══ EXTRACTED INFORMATION

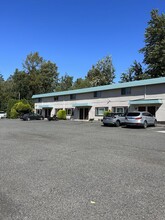 3437 Redwood Ave in Bellingham, WA - Foto de edificio - Building Photo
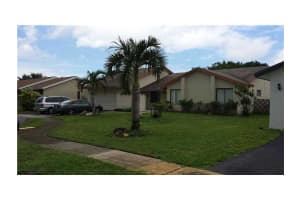 5515 SW 9th St, Margate, FL 33068, Sold 10/21/15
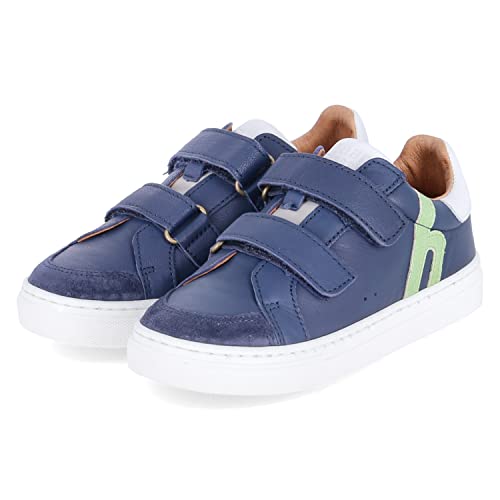 Bisgaard Jungen Bisgaard Joshua Sneaker, Blau, 31 EU von Bisgaard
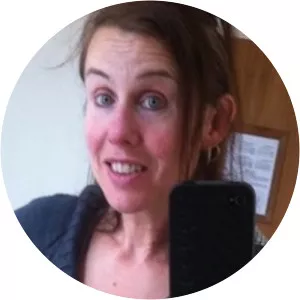 Jessica Evans - Author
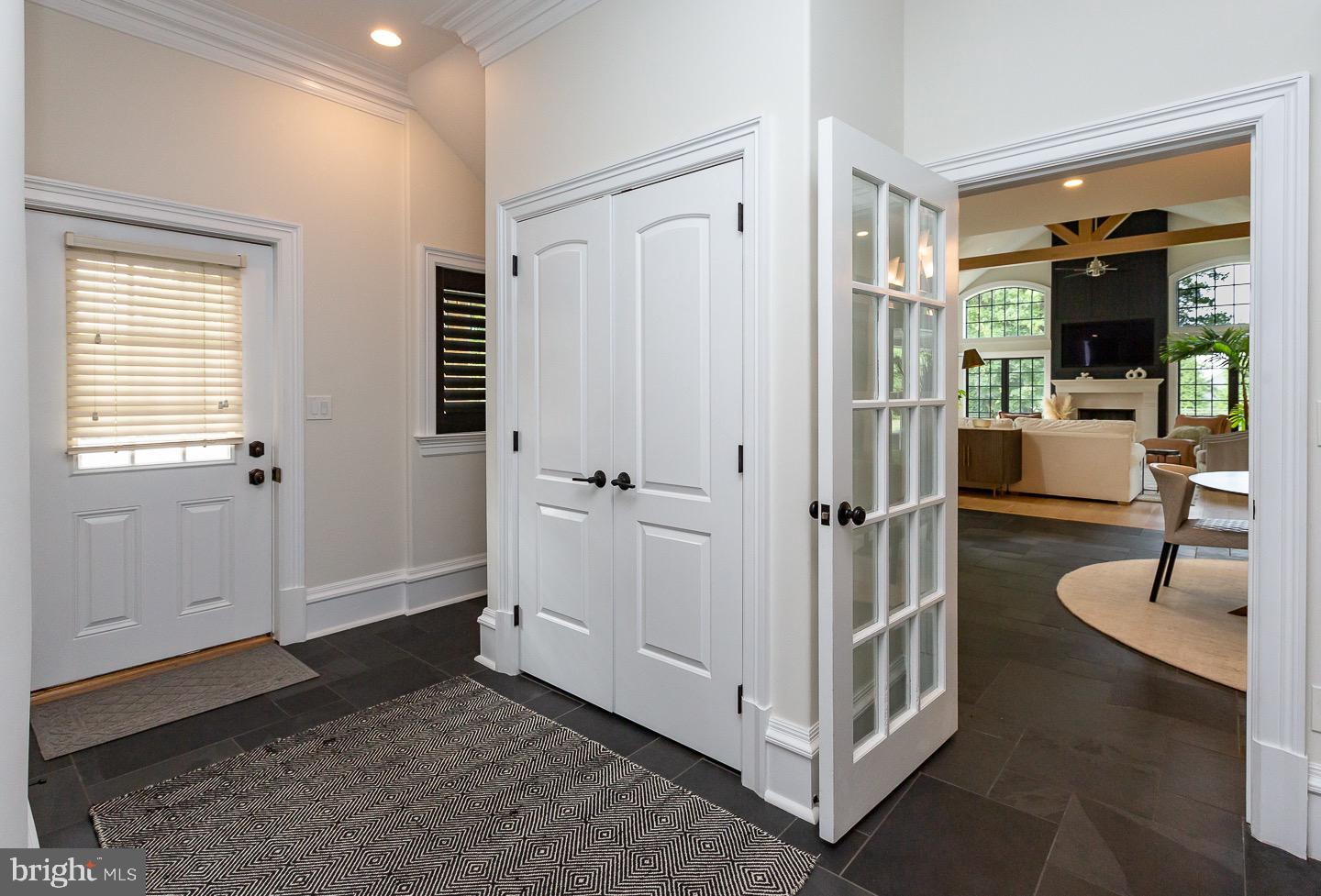 MERION GOLF ESTATES - Residential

════

__WHAT TO WORK ON__. Please repeat the data above exactly as it appears, pictures excluded.

__SOLUTION__.
 3437 Redwood Ave in Bellingham, WA - Foto de edificio - Building Photo
 5515 SW 9th St, Margate, FL 33068, Sold 10/21/15
 Bisgaard Jungen Bisgaard Joshua Sneaker, Blau, 31 EU von Bisgaard
 Jessica Evans - Author
 MERION GOLF ESTATES - Residential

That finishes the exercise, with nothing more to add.